Copy every record exactly, with nothing left out.

Dataset records:
<<<<

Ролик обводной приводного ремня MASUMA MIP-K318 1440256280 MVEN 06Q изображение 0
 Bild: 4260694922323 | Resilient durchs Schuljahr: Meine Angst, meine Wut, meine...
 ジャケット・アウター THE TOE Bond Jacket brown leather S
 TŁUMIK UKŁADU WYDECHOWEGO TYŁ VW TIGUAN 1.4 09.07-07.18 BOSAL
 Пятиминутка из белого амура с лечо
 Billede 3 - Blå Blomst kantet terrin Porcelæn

>>>>

Exercise answer:
Ролик обводной приводного ремня MASUMA MIP-K318 1440256280 MVEN 06Q изображение 0
 Bild: 4260694922323 | Resilient durchs Schuljahr: Meine Angst, meine Wut, meine...
 ジャケット・アウター THE TOE Bond Jacket brown leather S
 TŁUMIK UKŁADU WYDECHOWEGO TYŁ VW TIGUAN 1.4 09.07-07.18 BOSAL
 Пятиминутка из белого амура с лечо
 Billede 3 - Blå Blomst kantet terrin Porcelæn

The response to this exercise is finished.